■ Data shown ■
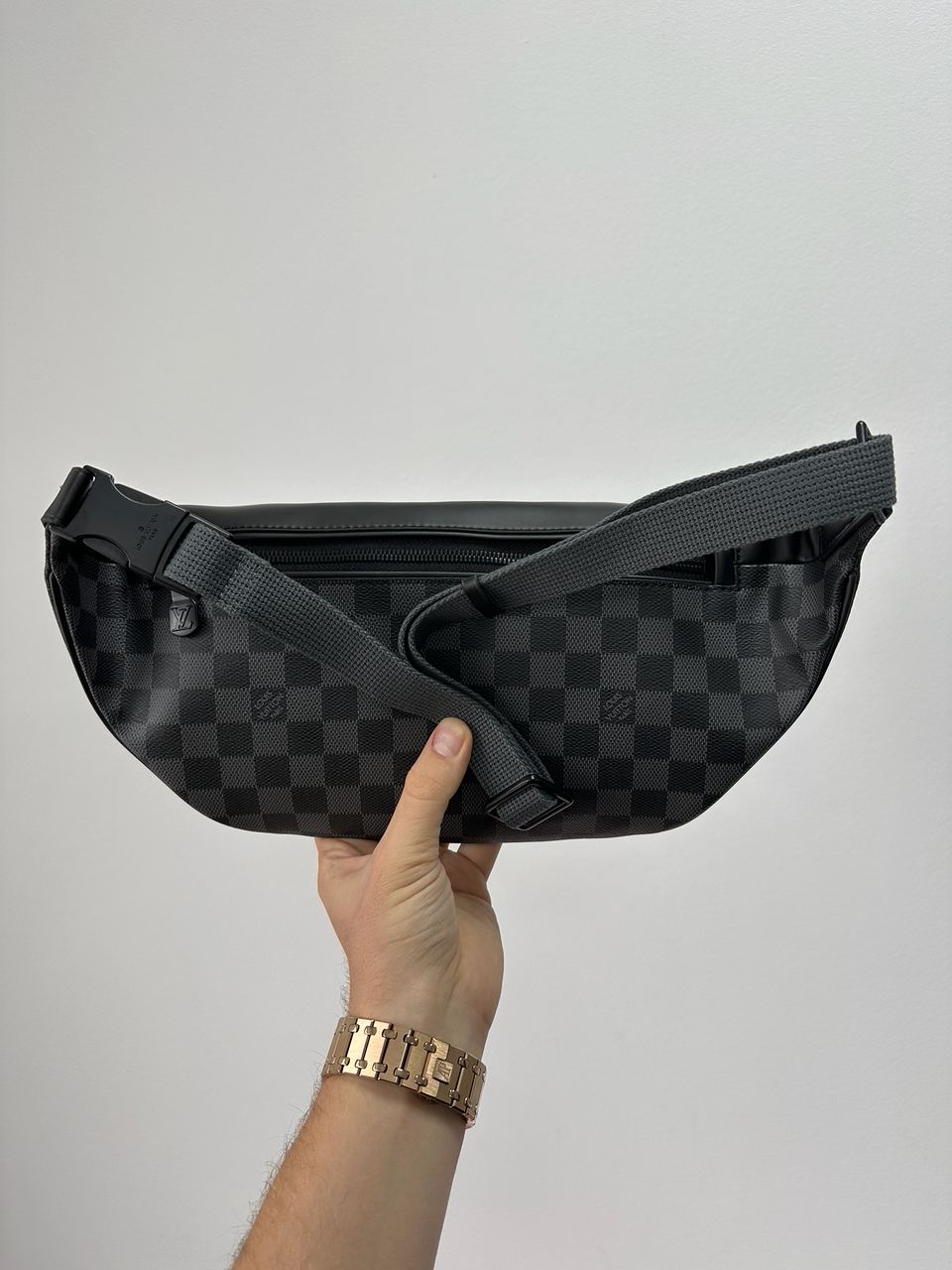 Louis Vuitton Discovery PM Bumbag Grey Chess Canvas - 8
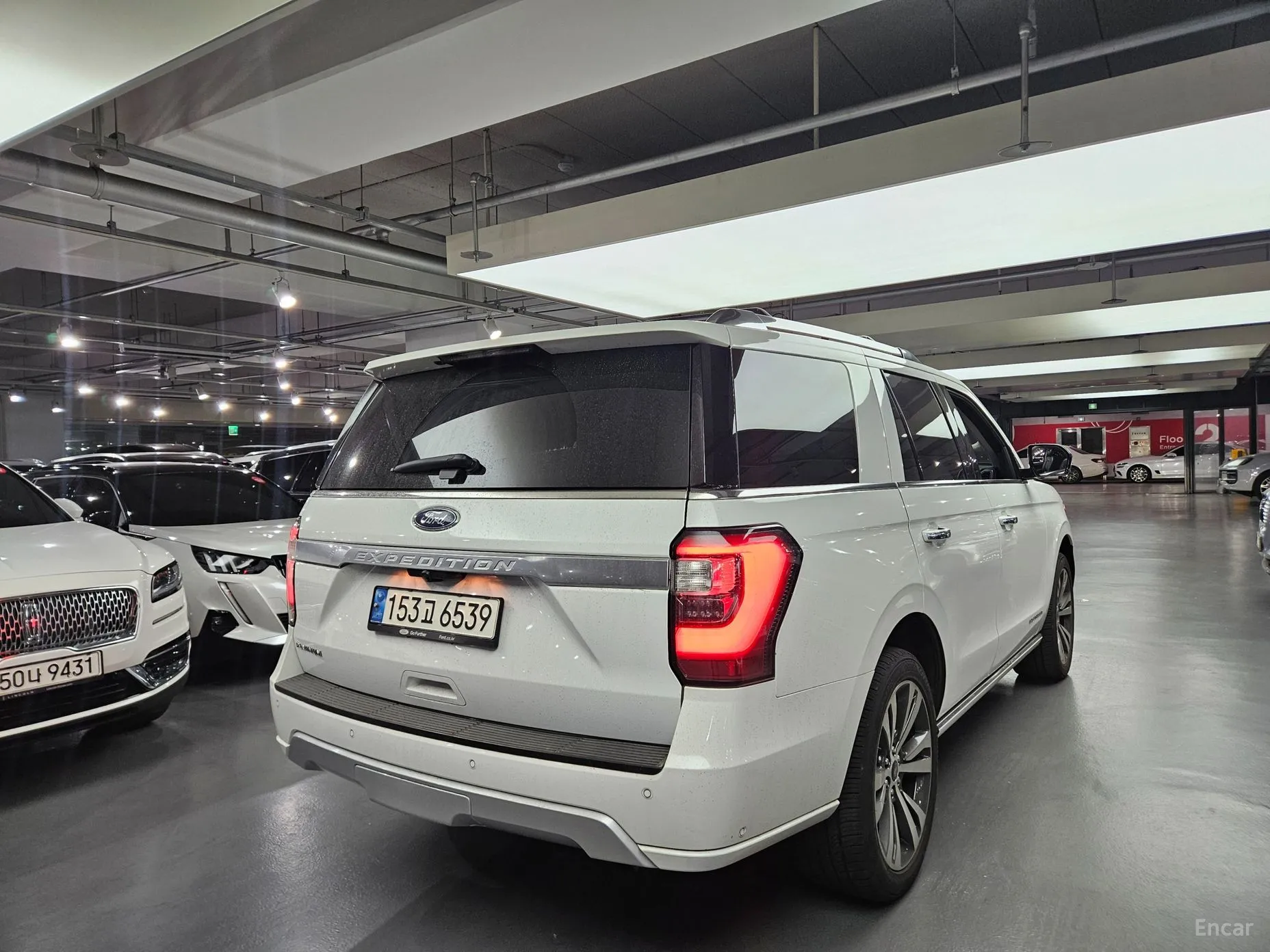 Ford Expedition превью 4
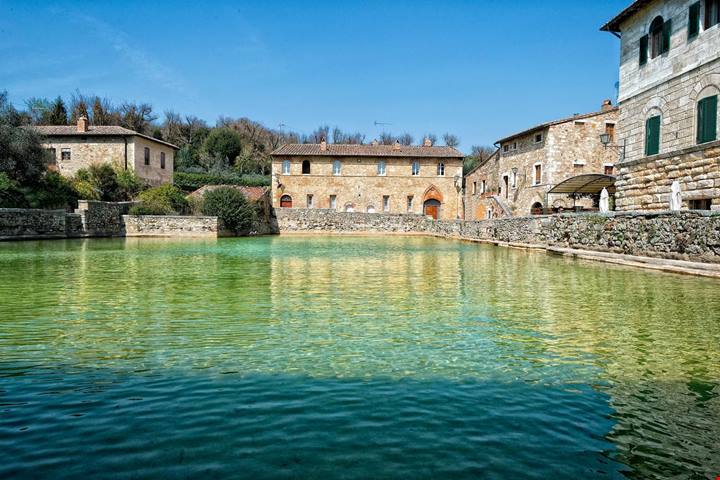 Adagiato tra i cipressi più famosi della Val d'Orcia: il borgo toscano dove vivere un weekend di primavera d'altri tempi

■ What you have to do ■
With the pictures removed, return the data above word for word.

■ Answer to the exercise ■
 Louis Vuitton Discovery PM Bumbag Grey Chess Canvas - 8
 Ford Expedition превью 4
 Adagiato tra i cipressi più famosi della Val d'Orcia: il borgo toscano dove vivere un weekend di primavera d'altri tempi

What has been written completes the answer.